►Jak przedstawiać poziom procentowej obniżki w ramach promocji?
Jeżeli sprzedawca chce eksponować promocję polegającą na procentowej obniżce cen (np. na plakatach, w spotach w radiu lub telewizji), to procentowa wartość obniżki musi odnosić się do najniższej ceny z 30 dni przed obniżką. Takie podejście potwierdził niedawno Trybunał Sprawiedliwości Unii Europejskiej w wyroku z 26 września 2024 r. w sprawie C-330/23 Aldi Süd. [ramka 1] Jego rozstrzygnięcie oznacza, że sprzedawcy nie mogą zachęcać klientów do skorzystania z promocji w ich sklepie przez pokazywanie procentu obniżki obliczanego od ceny „przekreślonej”. Przedsiębiorca ma dużą dowolność w ustaleniu ceny bezpośrednio poprzedzającej obniżkę. Istnieje ryzyko, że zawyży cenę przed promocją, aby móc pokazać klientom atrakcyjny poziom obniżki, który przyćmi informację o najniższej cenie z 30 dni przed obniżką. Zresztą nie każdy klient, który ma styczność z reklamą, będzie w stanie szybko obliczyć procentową różnicę między ceną historyczną a promocyjną, żeby zweryfikować przekaz reklamowy.
Przykład 1
Wskazanie odpowiedniej korzyści
Z okazji Black Friday sklep promuje w mediach społecznościowych obniżkę -50 proc. na określony model butów. Wizualna prezentacja obniżki zawiera przekreśloną cenę 400 zł, cenę promocyjną 200 zł oraz duży napis „-50 proc.” na czerwonym tle. Poniżej znajduje się też wyraźna informacja o najniższej cenie z 30 dni przed obniżką w wysokości 250 zł.
Taki sposób komunikacji będzie niezgodny z prawem. Procentowa wartość obniżki ‒ różnica między ceną na Black Friday a najniższą ceną z 30 dni przed obniżką ‒ wynosi 20 proc. (przecena z 250 zł na 200 zł). Sprzedawca pokazując korzyść związaną z promocją, powinien wskazywać właśnie wartość -20 proc.
►Jak pokazać poziom kwotowej obniżki w ramach promocji?
Wspomniany wyrok TSUE dotyczy także obniżek kwotowych.

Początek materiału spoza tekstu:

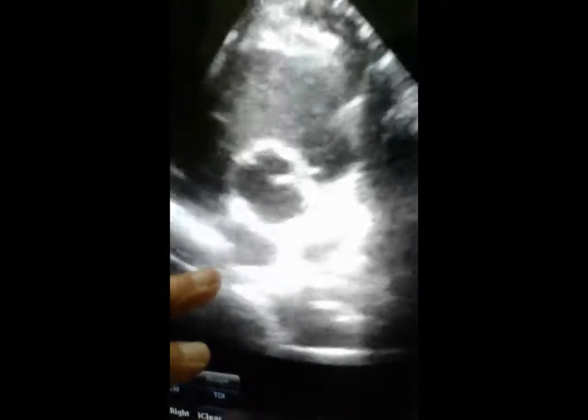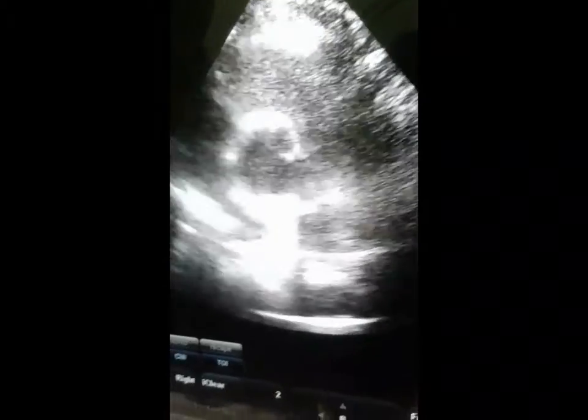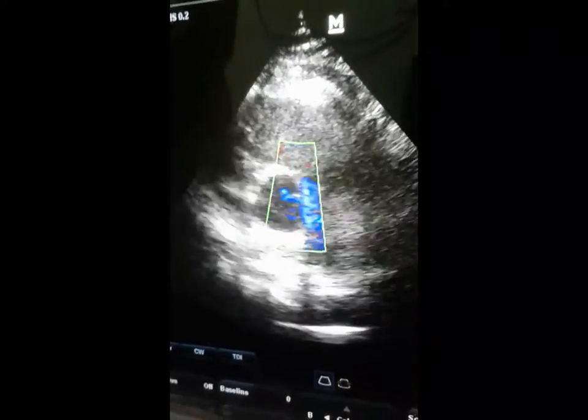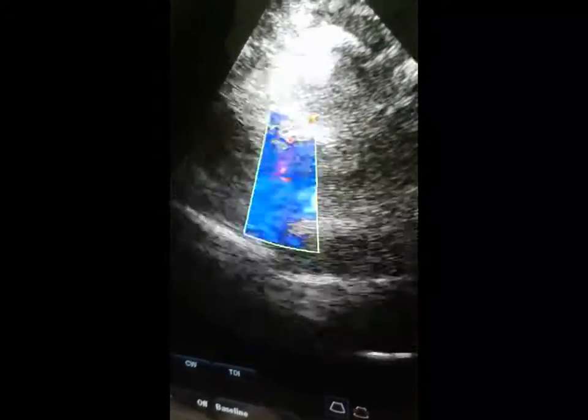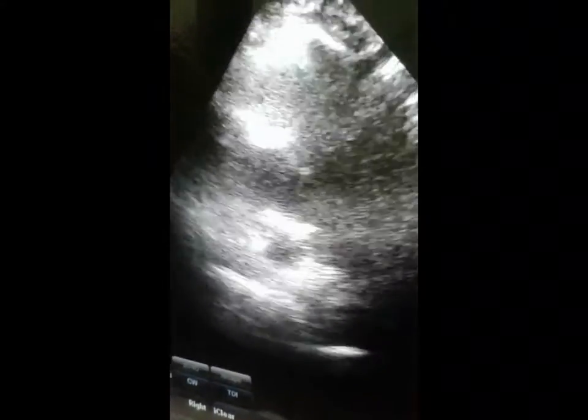Male patient with history of high blood pressure. During echo examination there is regurgitation at the aortic area — mild regurgitation.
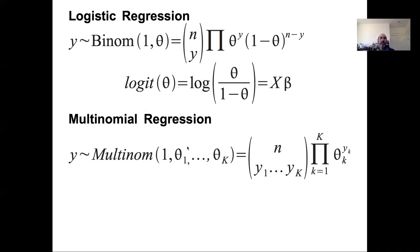Looking at these two probability distributions, you can see that the binomial is really just a special case of the multinomial, because in the multinomial case with two classes, you have theta one and theta two, but theta two is just 1 minus theta one, such that you'd have theta one to the y1 and theta two to the y2, where theta two is just 1 minus theta one, and y2 is just n minus y1.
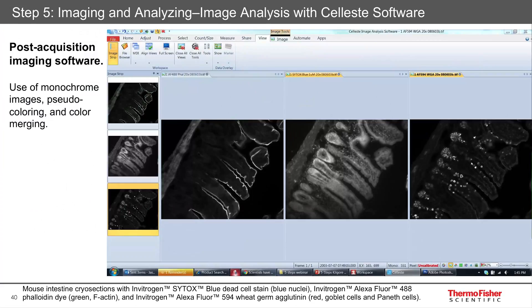But once you've taken your image, you often want to analyze it on a different software package — your image analysis software. Here at Thermo Fisher Scientific, we sell our Celeste software, for instance, but there are others out there like ImageJ or Fiji, or various commercial ones that you can use.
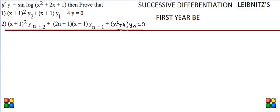Welcome, my dear friends, to sharmaclassesnakpur.com. Here is a problem on successive differentiation by Leibniz's rule in which the question is: if y is equal to sin(log(x² + 2x + 1)), then we have to prove two things as shown.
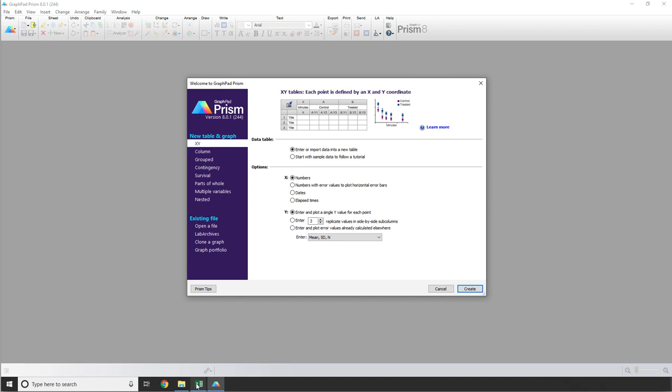The first and most obvious way that you can get your experimental data into Prism is just to type it in. It's not very exciting or complicated, but it is an option. The next option you have for getting your data into Prism is with a simple copy and paste.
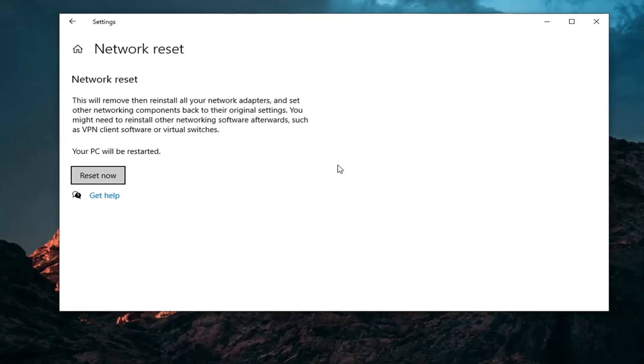Before you click the reset now button, if you're using a Wi-Fi connection, make sure you have the credentials saved somewhere so you can easily start back up with your computer and type in your credentials. This is going to clear all of that, so you're going to have to enter back in your Wi-Fi password.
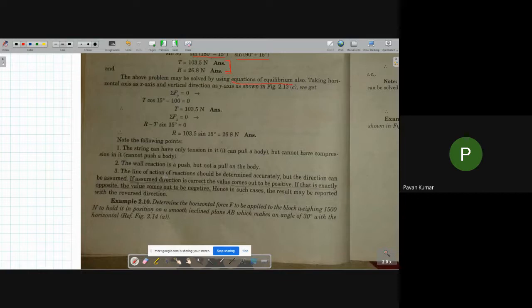Hello students. In the last class we discussed problem 2.9, which we solved using equations of equilibrium. Now we will look into another example, 2.10.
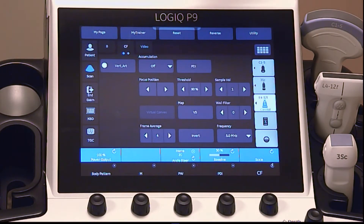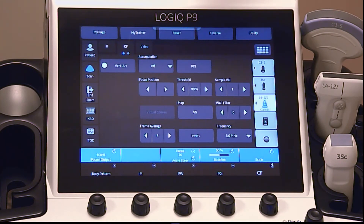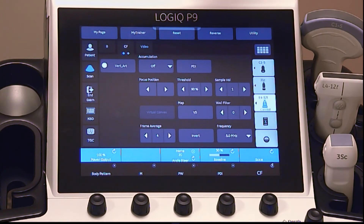Invert allows blood flow to be visualized with different perspectives. Red on the color bar will be displayed as negative velocities, or away from the probe, and blue will be displayed as positive velocities, or towards the probe. Invert can be adjusted real time, or when frozen.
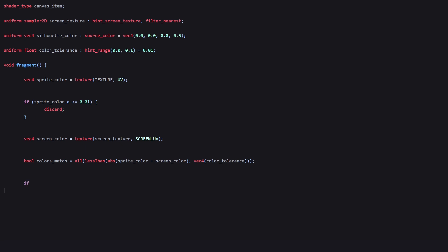Then at the end, we use an if statement to check if the color_match boolean is true. That means if the color of our sprite is the same as the color behind it or the color of the screen, then we just use our sprite's original color. That means no change.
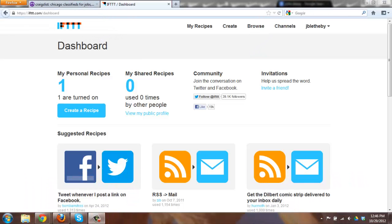So here what we're going to do today for a little social tip is show you how you can take advantage of a website called IFTTT, otherwise known as If This Then That.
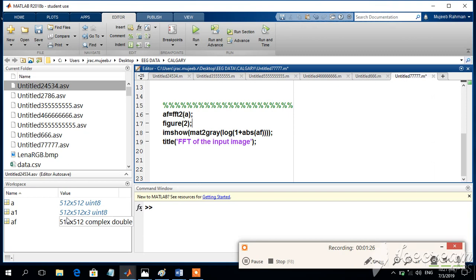And normally the Fourier transform is the complex domain, which means it has got a real part and the imaginary part. So in order to display it, first of all, we have to calculate the ABS, which is the absolute value, which is nothing but the square root of real part square plus the imaginary part square.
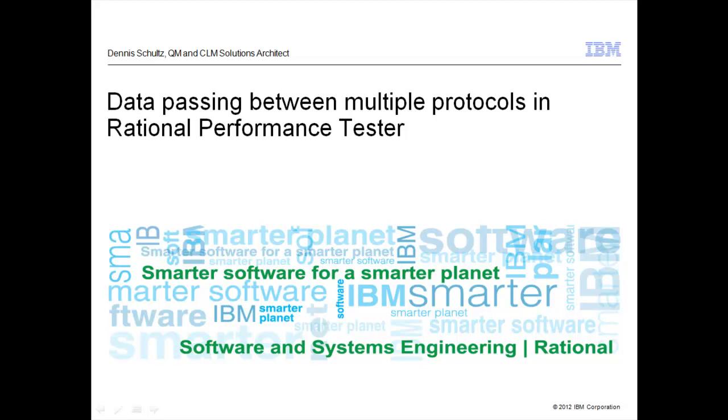I've been asked a few times how you can pass data between multiple protocols in Rational Performance Tester. So if I have a test that includes one protocol and a different protocol in a second test, is there a way that you can pass information from one to the other? I'm going to demonstrate how that's done.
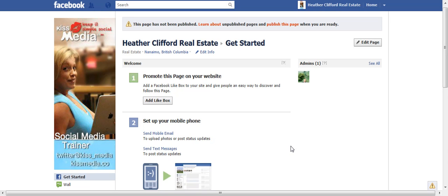Hello, this is Heather with KeepItSimpleSocialMedia.com and today I just wanted to go a little bit over when you first start to set up a page.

Również w tym przypadku prezentowana kwota obniżki (np. -80 zł) musi odnosić się do najniższej ceny z 30 dni przed obniżką, a nie do ceny bezpośrednio poprzedzającej zastosowanie obniżki.
Przykład 2
Gdy cena jest przekreślona
Dział marketingu sieci sklepów odzieżowych przygotowuje materiały reklamowe dotyczące promocji na Black Friday. Na jednym z plakatów będzie umieszczone zdjęcie produktu z przekreśloną ceną 250 zł, ceną promocyjną 200 zł i wyeksponowanym napisem „50 zł TANIEJ”. Poniżej znajdzie się informacja o najniższej cenie z 30 dni przed obniżką, wynoszącej 210 zł.
Taki plakat będzie naruszał przepisy o informowaniu o cenach towarów i usług. Przedsiębiorca nie może eksponować obniżki w odniesieniu do ceny „przekreślonej”. Może to robić w stosunku do najniższej ceny z 30 dni przed obniżką.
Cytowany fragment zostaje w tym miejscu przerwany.